They’re fruit flies, but they eat leaves. And to feed, the females scrape and scoop vegetation using what researchers actually sometimes call them vaginal teeth. Then they turn their mouths to the plant juices they have released and lick them up.
In a study published last week in the journal Proceedings of the Royal Society B, researchers identified evolutionary clues to these flies, including genes that may have helped transform their bristly genitalia into blades that help them eat.
Fruit flies of the Drosophilidae family, including these leaf-eaters, first evolved to feed on decaying vegetation and the yeasts it harbors. Her mouth is “almost like having a pool noodle with a sponge on the end,” said Andy Gloss, an evolutionary biologist at New York University. But near their hindquarters, female flies have devices that mimic a mouth: egg-laying organs called ovipositors, with valves that open and close like jaws. Hair on the edges of the valve can harden into tooth-like spikes.
dr Gloss and colleagues hypothesized that the evolution of these specialized, sharpened ovipositors helped some flies become herbivorous leaf eaters.
To test this hypothesis, the researchers looked at how changes in the laying apparatus corresponded to the flies’ feeding strategies. They counted the number of bristles that different species had on their genitals and took flies under a microscope when there were no answers in the scientific literature. They then assigned the number of bristles to a tree of evolutionary relationships. In a group called the Scaptomyza, bristle count increased with the onset of herbivory around 10 million years ago, suggesting that greater density of these tooth-like hairs helped herbivory.
“Since you’re trying to saw into very tough, fibrous plant material, you need something that’s a little sharper,” said Julianne Peláez, an evolutionary biologist who was involved in this research at the University of California, Berkeley.
The team then combed through the genome of one of these lettuce eaters: Scaptomyza flava, a small yellow fly that one of the study’s authors, Noah Whiteman, also from Berkeley, has been studying for a long time. This herbivorous species evolved relatively recently, making it a promising target for unraveling how insects first started eating plants, he said.
By sequencing DNA from groups of laboratory-bred S. flava flies, Dr. Whiteman’s team genes that may be responsible for the development of vaginal teeth. One gene they found accounted for about 10 percent of the variation, the team reported.
“This is really a start in understanding the genetic basis of this trait,” said Joel Atallah, a developmental biologist at the University of New Orleans who was not involved in the study.
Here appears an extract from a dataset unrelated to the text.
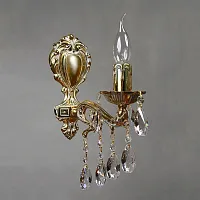 Бра Хрустальный  LEON 2128/1 WP Tear Drop AMBIENTE by BRIZZI без плафона 1 лампа, основание бронзовое в стиле классический 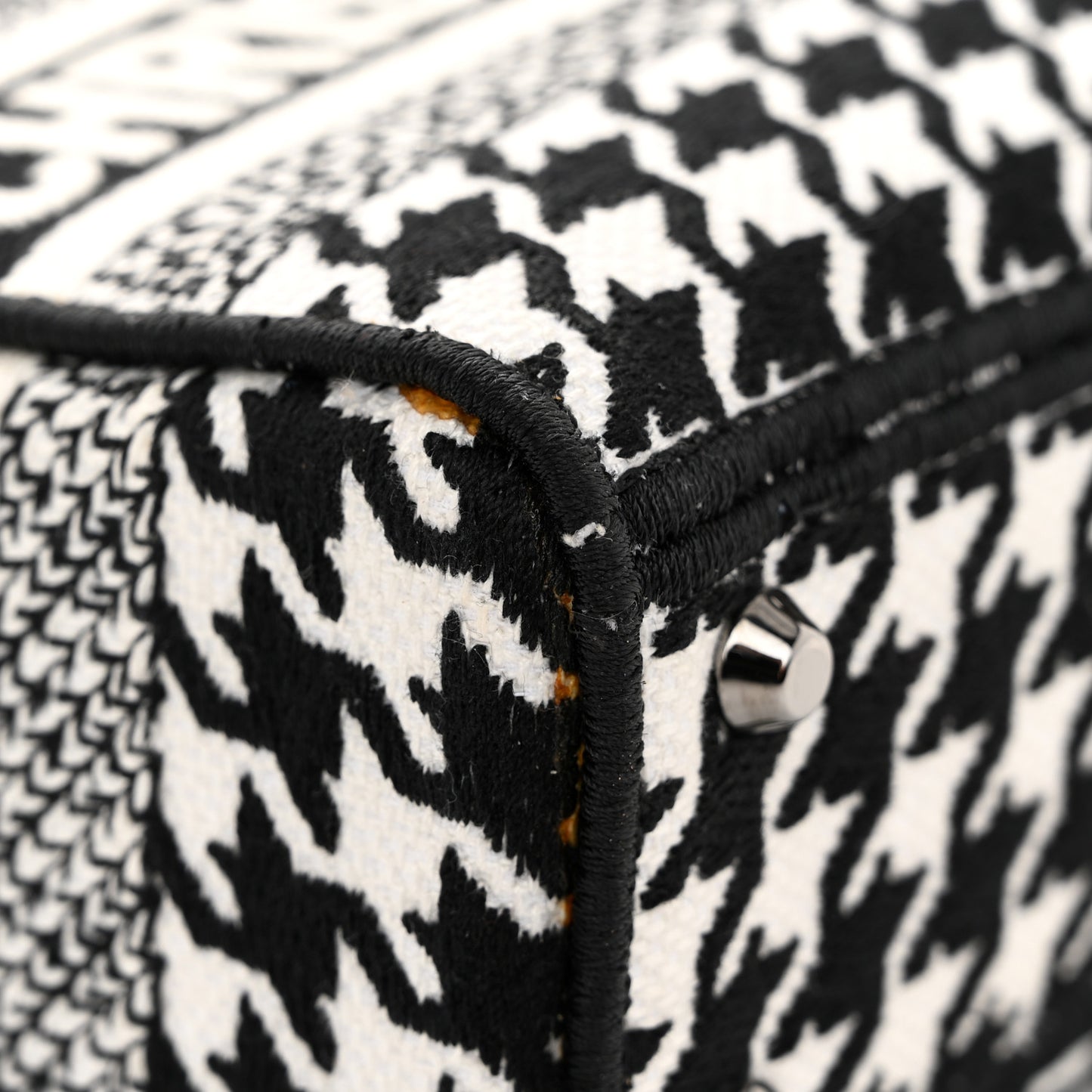 Canvas Houndstooth Embroidered Mini Lady D-Lite Black White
He added that additional research is needed to examine whether the same candidate genes contributed to the development of the bristles in other species of fruit flies.
These multipurpose ovipositors are “some of the most medically and economically important body parts on the planet,” said Catherine Linnen, an evolutionary biologist at the University of Kentucky who was not involved in the study. Plant-piercing ovipositors have turned some insects into crop pests, while some bees and wasps have co-opted egg-layers for piercing weapons. They are central to how many insects reproduce and survive. “But we know so little about how these are made,” said Dr. linen.
Further study of the ovipositor could lead to a better understanding of herbivorous insects, which make up about a quarter of all animals on Earth. “It’s so important, but so difficult to achieve because the sands of time have obscured the changes in most major lines,” like butterflies, moths and weevils, said Dr. Whiteman. But it is not the case that all insects have switched to snacking on plants: herbivores are found in only nine out of about 30 insect orders.
But herbivores were likely central to these flies and their relatives spreading around the world, said Dr. Glossy, and toothy genitalia may have helped them find plants in new habitats, whether suburban ditches or mountaintops.
“The ability to slice and scoop with their rear ends, frivolous as it sounds, may have been one of the innovations that unlocked this potential,” he added.